This post is part of the General Conference Odyssey. This week covers the Sunday Afternoon Session of the April 1980 Conference
Have you ever had thoughts that sound like these of mine?:

"I really don't feel like going to the ward activity. I would so much rather stay home. But I know we should go. So we'll go."
"I wish I didn't have to substitute-teach the 12-year-olds on Sunday. But I said I would. So I will."
"I wish we hadn't signed up to clean the church today. We have so many other things to do! But I guess we might as well go get it over with."

In my life, I'm usually seeing these moments as relative successes—because I did the right thing in the end! I didn't just slip away like I wanted to. Sure, I know it would have been better to do those good things happily, but I feel some satisfaction for at least doing them reluctantly!

But here's what Elder Mark E. Peterson said in his conference talk:
There is no reward for half-hearted obedience. We must become vigorous and enthusiastic about living our religion, for God commands that we serve him with all our heart, with all our might, with all our strength, and with the very best of our intelligence.
With him there can be no halfway measures. We must be fully for him or we may be classed with those who are against him.
Got that? No reward—for half-hearted—obedience!

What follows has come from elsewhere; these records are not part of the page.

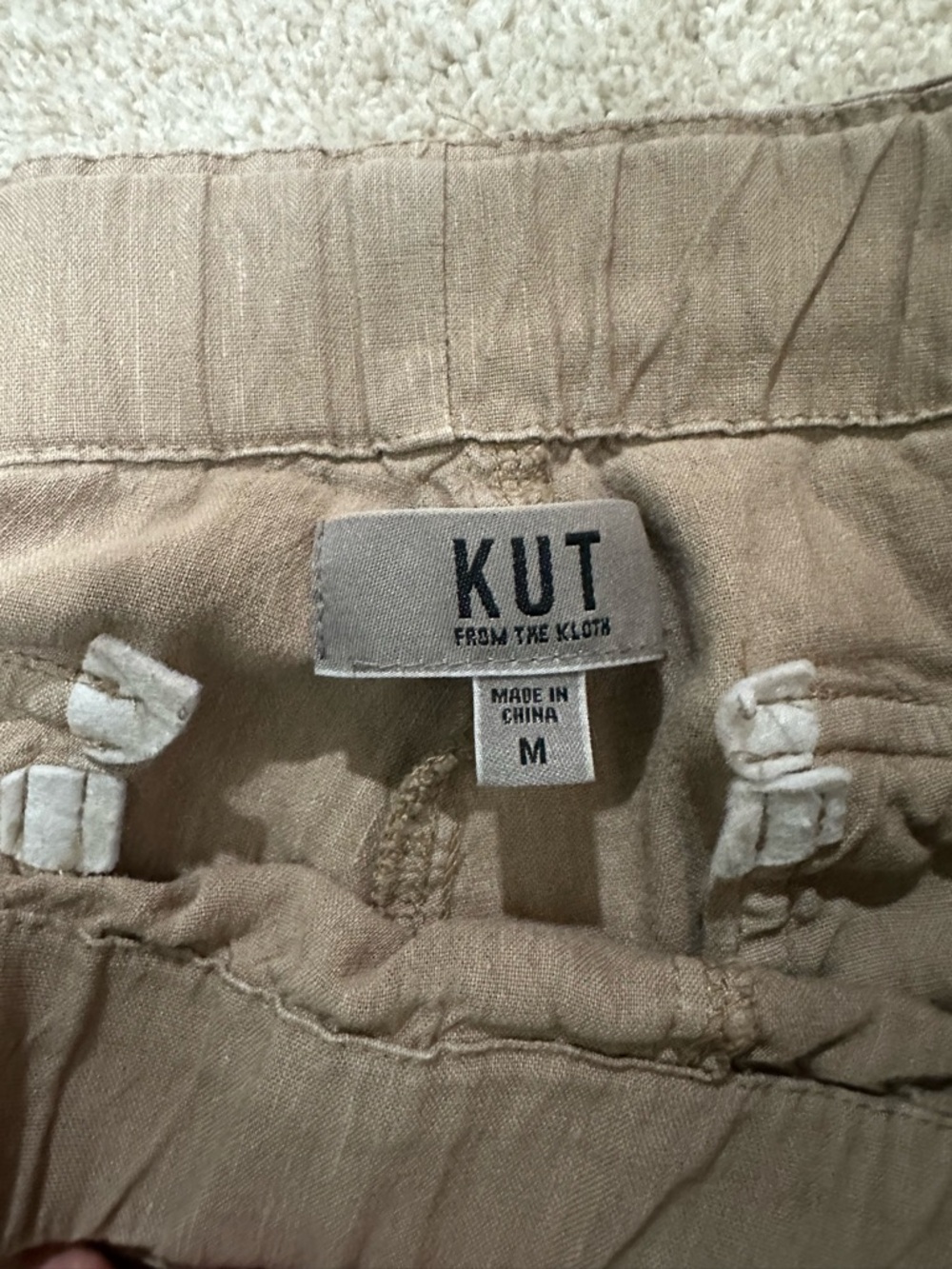 Kut from the Kloth Taupe-Gray Relaxed Linen Trousers - Picture 3 of 7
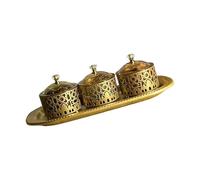 EIOLWJIEO Boîte de conservation à 3 compartiments, idéale pour organiser et servir fruits, desserts, en-cas, salades, noix. Plateau à condiments multifonctionnel. Organisateur de service.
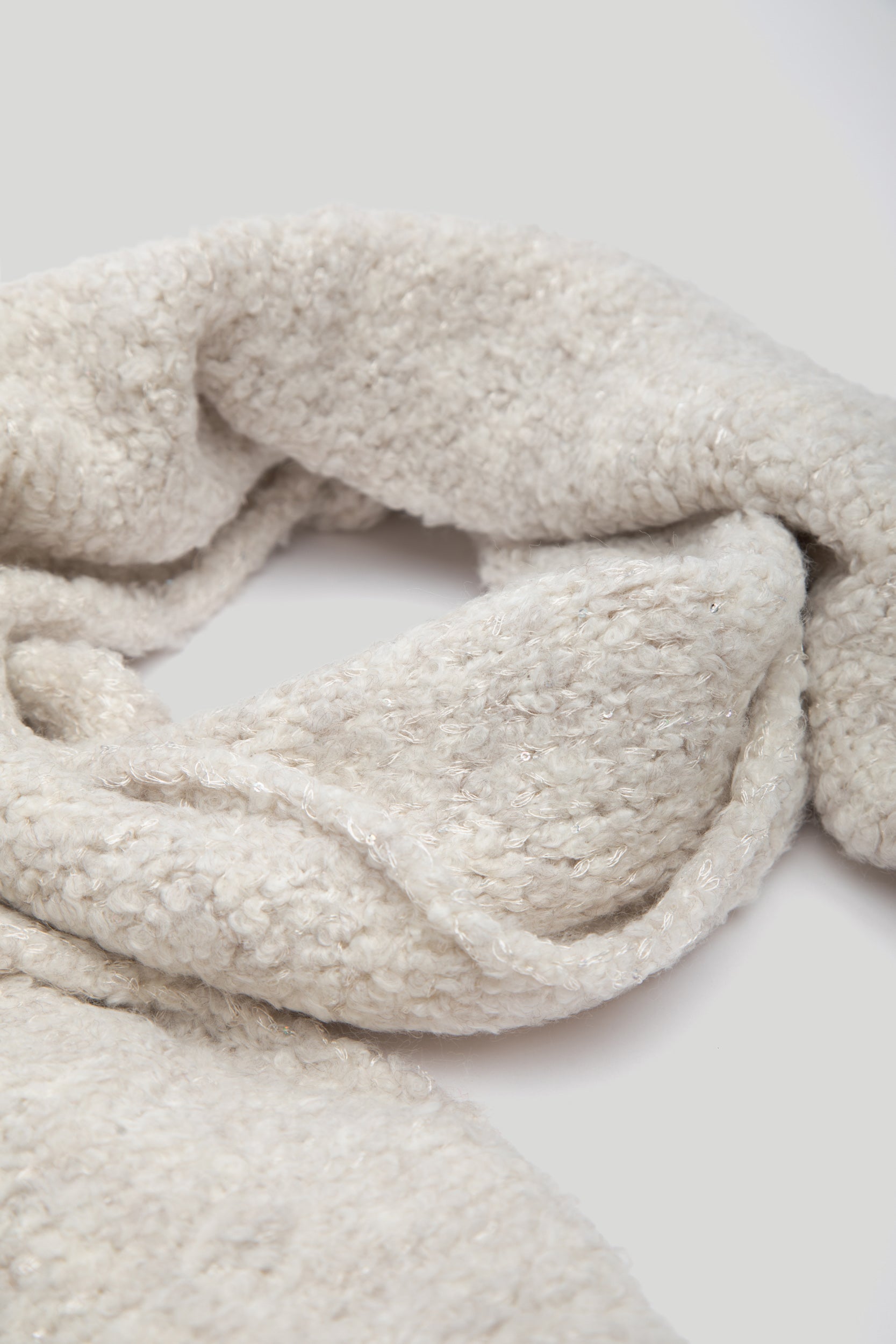 LIU JO White Knit Scarf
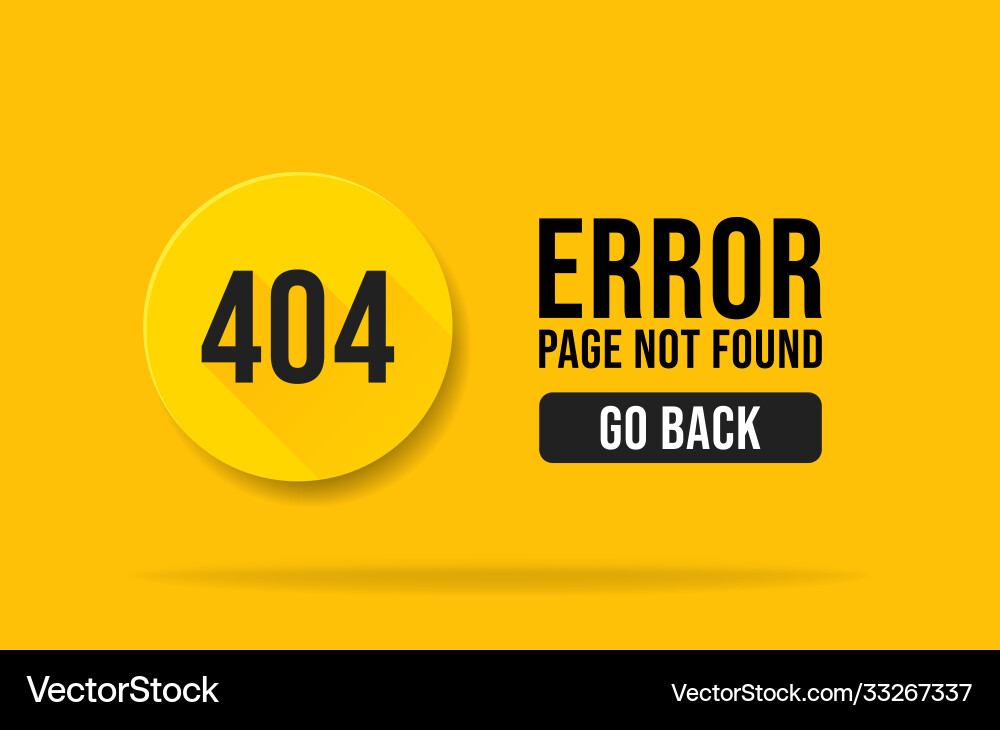 404 error page not found web banner template 404 error page not found web banner template vector image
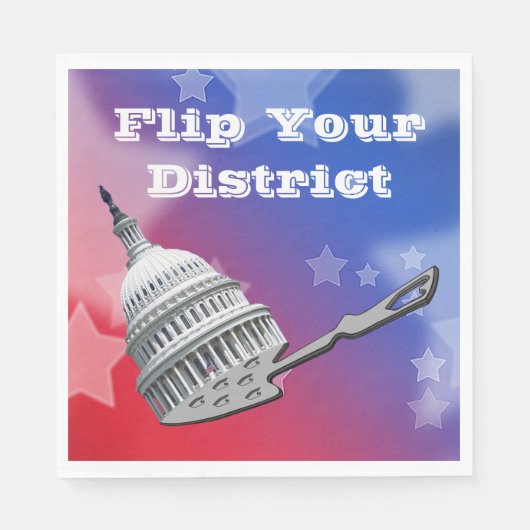 選挙区の投票を反転2026 スタンダードランチョンナプキン (正面)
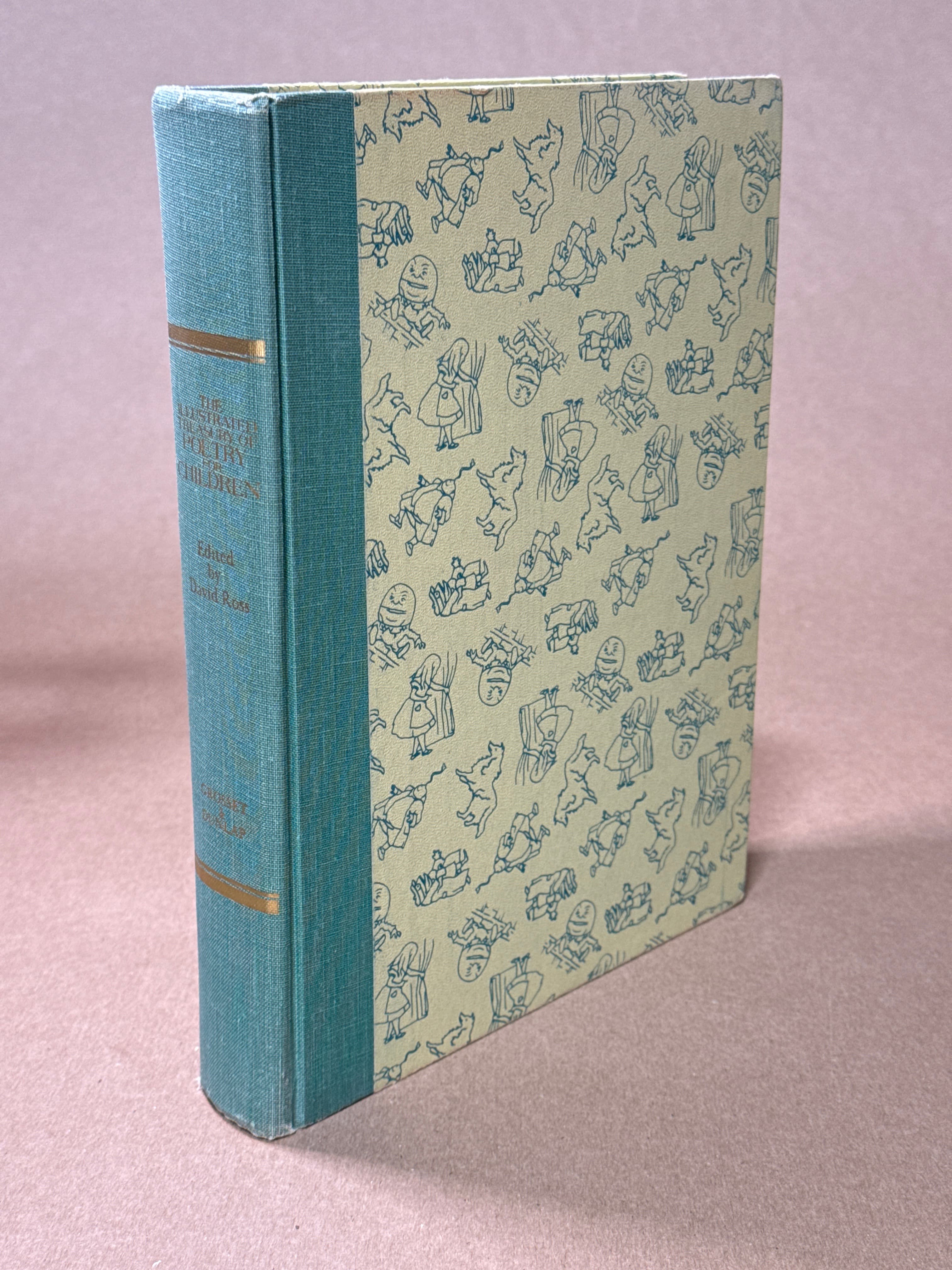 The Illustrated Treasury of Poetry for Children [Hardcover] David Ross 1970 by Edited by David Ross - front cover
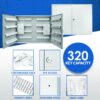 320 Capacity Fixed Position Key Cabinet With Key Lock - Gray - Image 8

I keep wondering about this. Is the "reluctant, but doing it anyway" obedience I described above—is that what Elder Peterson means by "half-hearted obedience?" And is that sort of obedience really worthless? If it is, how does one avoid thinking "what's the point of even trying to be good, then?!"—and giving up entirely? (This would happen sometimes in my youth group when I was young. We would joke about it. "If you don't LOVE to go to the service project, there's no point in going, since you won't be blessed for it anyway!")

I don't know, but I have a couple of ideas. One way I think of it is to divide desires into levels: our current and immediate desires, and our deep and underlying desires. The former, for me, are often selfish and misguided. But my deeper desires are (usually!) to serve God and follow His will. Even when I am struggling against an immediate selfishness or laziness, that deeper part of me wants to be better and is determined to keep trying.

This explanation (from a discussion on honesty) says it well:
The failure to repent means embracing the sin, embracing the lie. Repentance is what explains why not all sin is hypocrisy. The person who is trying to repent is making their whole life, including their sins, comport with their faith. The individual who is “faking it until they make it” is orienting their actions towards the gospel, even if they are not exemplars yet.
I also think "half-hearted obedience" might mean something like "temporary" or "limited" obedience. In other words, obedience that has an end point. Obeying only until you get rewarded, or only after you understand fully why you're doing it. Those don't seem like the sort of obedience God wants. But simply "obeying, but not with much enthusiasm" seems like a different category—not an ideal place to be, certainly, but surely it is at least a point along the path to happy obedience?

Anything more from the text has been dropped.